O diretor Jackson equilibra esses vários ramos do enredo de As Duas Torres com critério. Reduz certos trechos da história ao mínimo, amplia aqueles que são mais ricos do ponto de vista dramático e visual e ainda reescreve Tolkien, por assim dizer. Uma das cenas mais belas do filme, aquela em que se vê o destino malfadado que aguarda o romance entre o mortal Aragorn e a imortal Arwen, não está no livro. Que Jackson torne inteligível esse emaranhado de tramas já é digno de admiração. Mas ele vai mais longe: As Duas Torres deixa de lado o tom pastoral de A Sociedade do Anel para mergulhar de fato no universo épico, profundamente marcado pela mitologia nórdica, de Tolkien. O resultado não é apenas empolgante. Ele estabelece parâmetros para a técnica cinematográfica que devem estar deixando o americano George Lucas, o autoproclamado patrono dos efeitos digitais, verde de inveja.
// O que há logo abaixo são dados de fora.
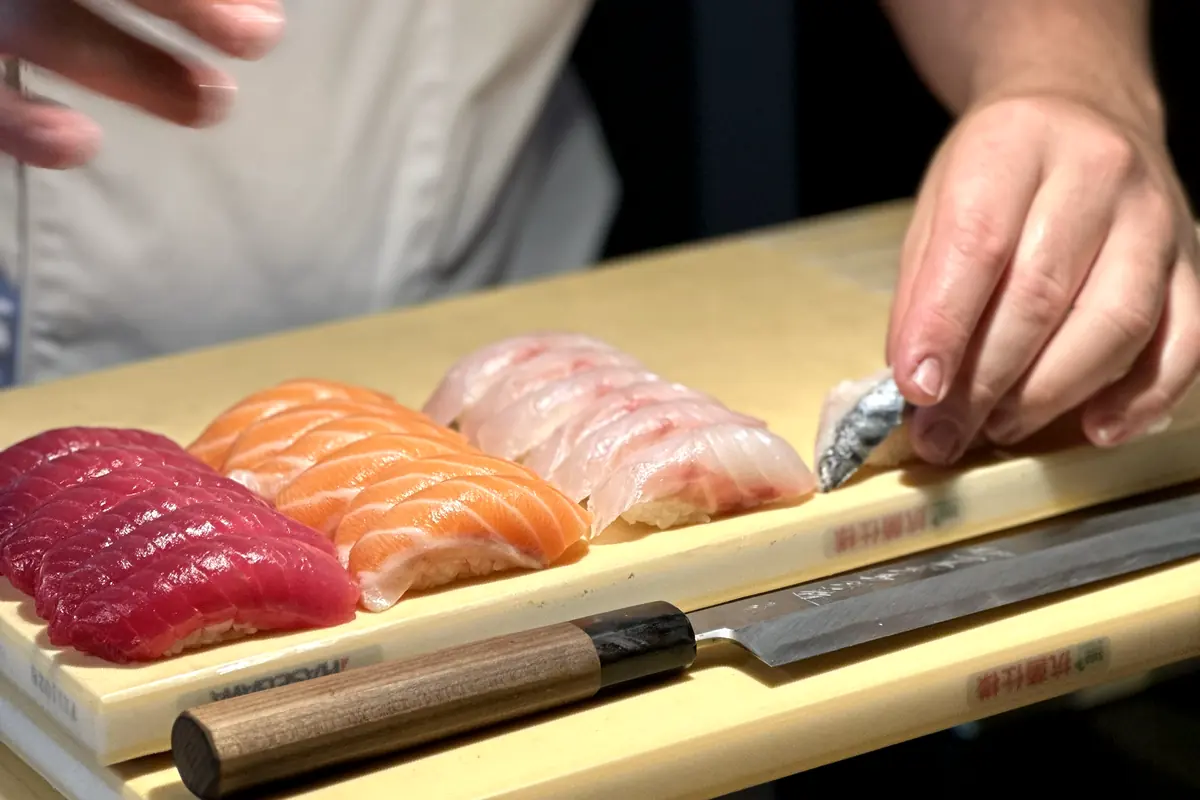 Les mains du chef posent un nigiri à côté d'un yanagiba sur la planche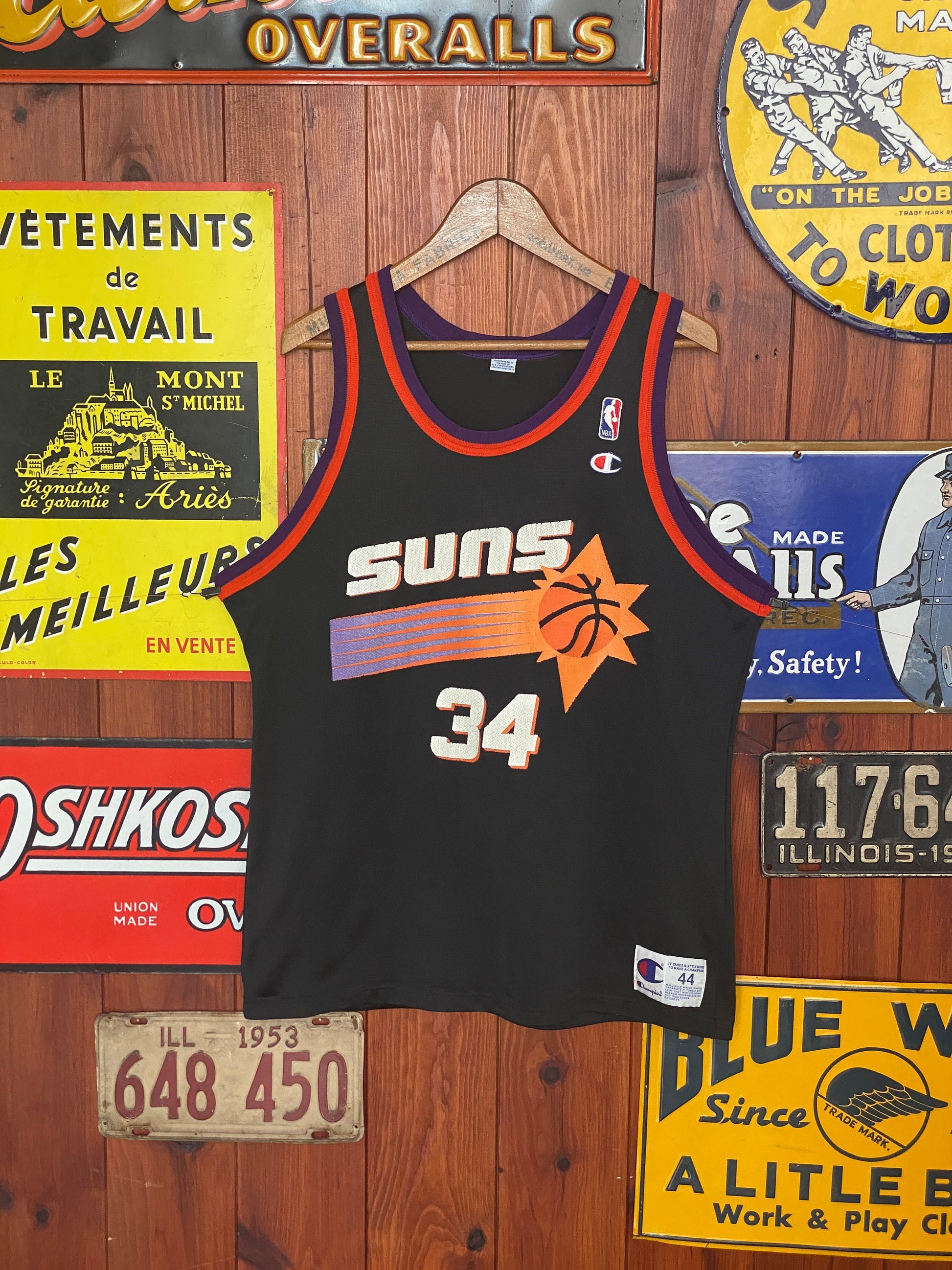 Vintage 90s NBA Phoenix Suns Charles Barkley #34 jersey, size 44 - front view. Made by Champion.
Jackson filmou os três capítulos da saga de uma só tacada, ao longo de quase um ano e meio, o que garantiu o custo comparativamente baixo da produção (300 milhões de dólares, no total) e a unidade no visual e na atuação quase sempre notável de seu elenco. Nos três anos que antecederam as filmagens, as estrelas foram os artesãos. Cada copo, vestimenta, armadura, cota de malha ou espada que se vê em cena foi confeccionado manualmente, segundo técnicas medievais — o período com que O Senhor dos Anéis tem maior afinidade. Nos doze meses anteriores a cada lançamento, o peso recai sobre os técnicos em efeitos. Isso ao ritmo de 24 horas por dia: as equipes estão espalhadas pelo globo e trabalham sem parar, cada uma no seu fuso horário. Desde já, elas tentam cumprir o prazo para que O Retorno do Rei fique pronto nesta mesma semana de 2003. O saldo desse investimento pode ser conferido, por exemplo, na batalha de Helm, que só em filmagem consumiu três meses de atividade ininterrupta. Para essa cena, o diretor inventou um software em que os soldados digitais não são clones, como de hábito. Eles sabem diferenciar inimigos de aliados e tomam suas próprias decisões. O efeito é absolutamente realista. A criatura Gollum é um marco ainda mais relevante. Jackson contratou o ator inglês Andy Serkis para dar voz ao personagem e também para desenvolver seus movimentos peculiares. Numa primeira etapa, Serkis participava das cenas com Elijah Wood e Sean Astin, que interpretam Frodo e Sam, para que eles acertassem suas marcações e não tivessem a sensação incômoda de contracenar com o vazio. Em seguida, Serkis repetia as cenas sozinho, vestindo um macacão dotado de sensores. Tais sensores serviam para transmitir ao computador as coordenadas de seus movimentos, transformados depois em animação digital. Por fim, fez-se de Gollum um ator digno desse nome. Dividido entre a lealdade a Frodo, que o trata com compaixão, e o desejo pelo anel, ele é o personagem mais rico do filme, ao mesmo tempo trágico e patético. Em instantes, Gollum dissipa na plateia aquilo que poderia ser a ruína de As Duas Torres: a consciência de que ele, na verdade, não existe.